Brief descriptive captions:
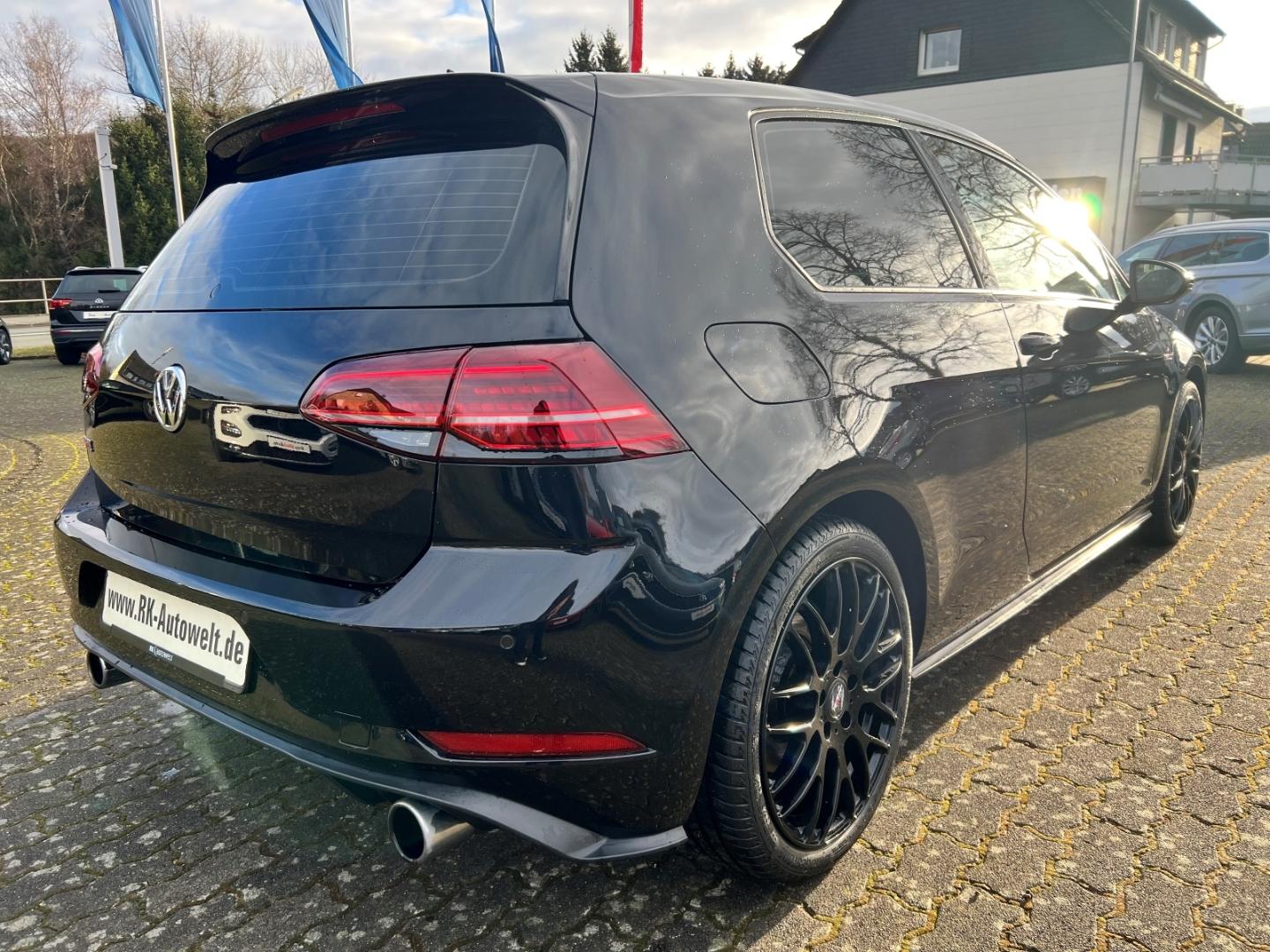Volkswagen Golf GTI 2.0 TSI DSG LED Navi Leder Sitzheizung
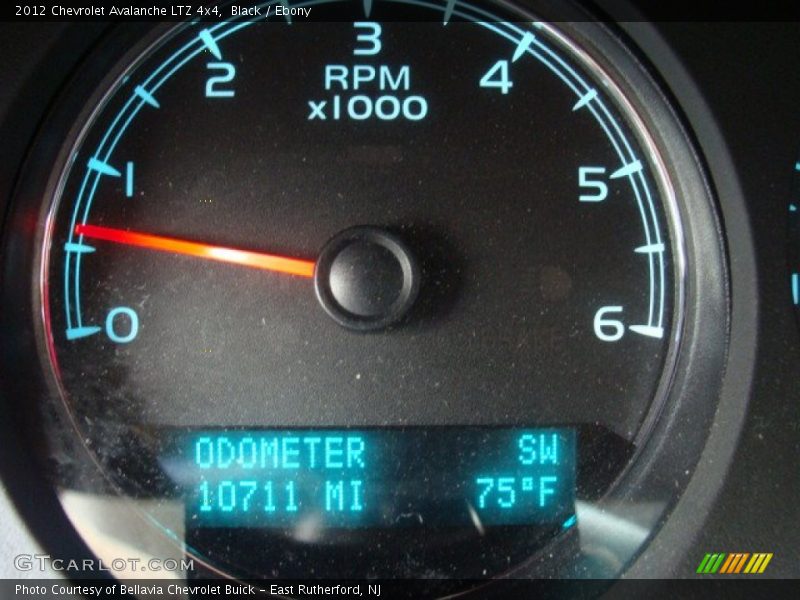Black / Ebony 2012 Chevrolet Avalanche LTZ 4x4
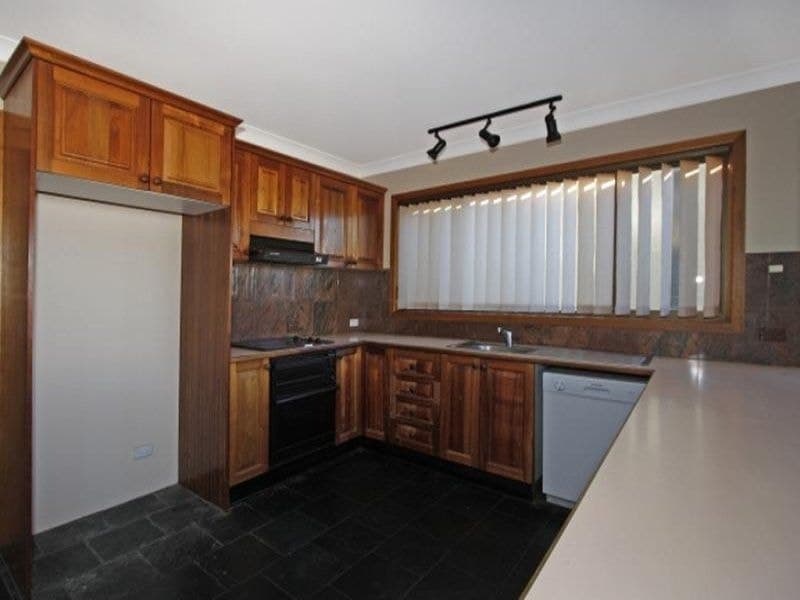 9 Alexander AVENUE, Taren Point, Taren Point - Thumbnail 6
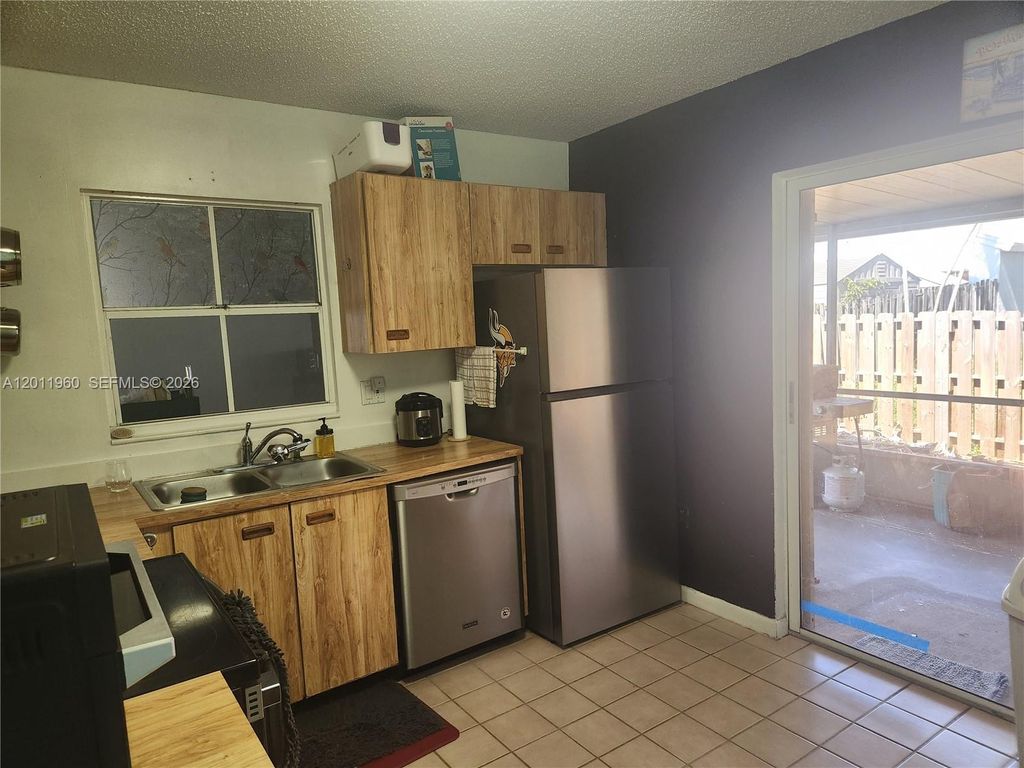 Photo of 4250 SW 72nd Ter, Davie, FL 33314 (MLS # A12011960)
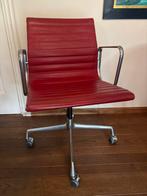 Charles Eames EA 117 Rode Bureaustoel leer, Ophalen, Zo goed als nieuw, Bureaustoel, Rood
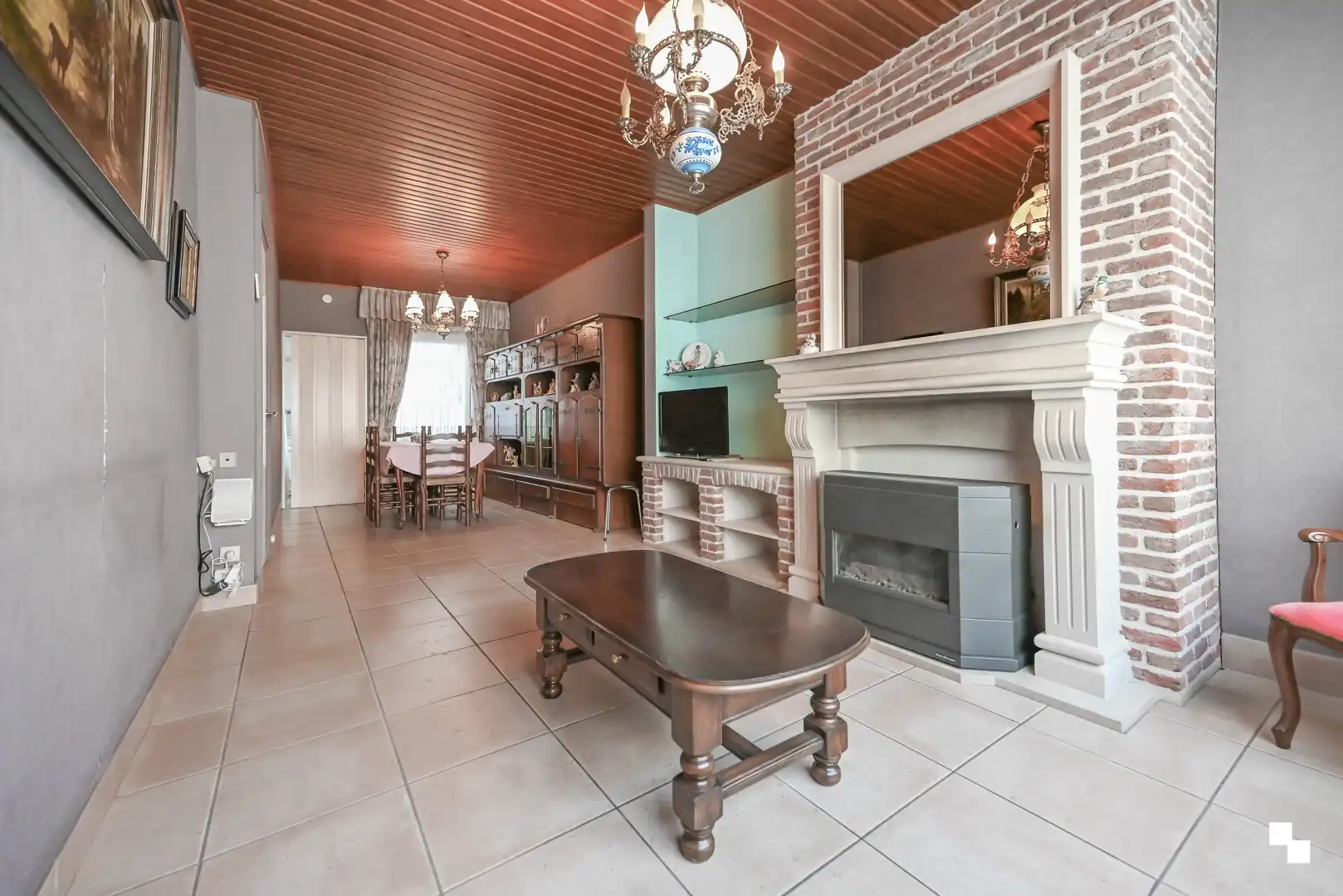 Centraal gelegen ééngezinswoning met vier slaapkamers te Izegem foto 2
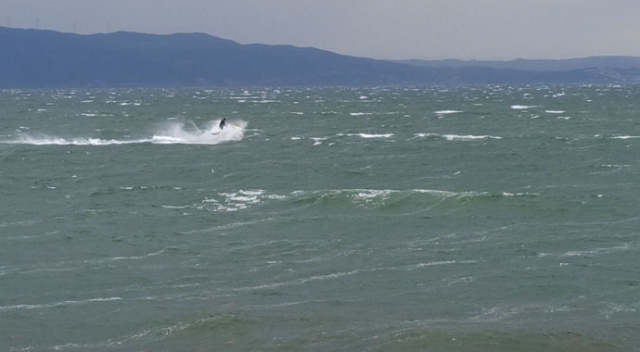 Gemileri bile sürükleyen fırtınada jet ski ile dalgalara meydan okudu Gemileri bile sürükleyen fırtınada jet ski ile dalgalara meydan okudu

● Requirement
Only the lines from the one containing "Centraal gelegen ééngezinswoning" through the final line of the data are to be written out, exactly as they stand and without pictures.

● Answer area
 Centraal gelegen ééngezinswoning met vier slaapkamers te Izegem foto 2
 Gemileri bile sürükleyen fırtınada jet ski ile dalgalara meydan okudu Gemileri bile sürükleyen fırtınada jet ski ile dalgalara meydan okudu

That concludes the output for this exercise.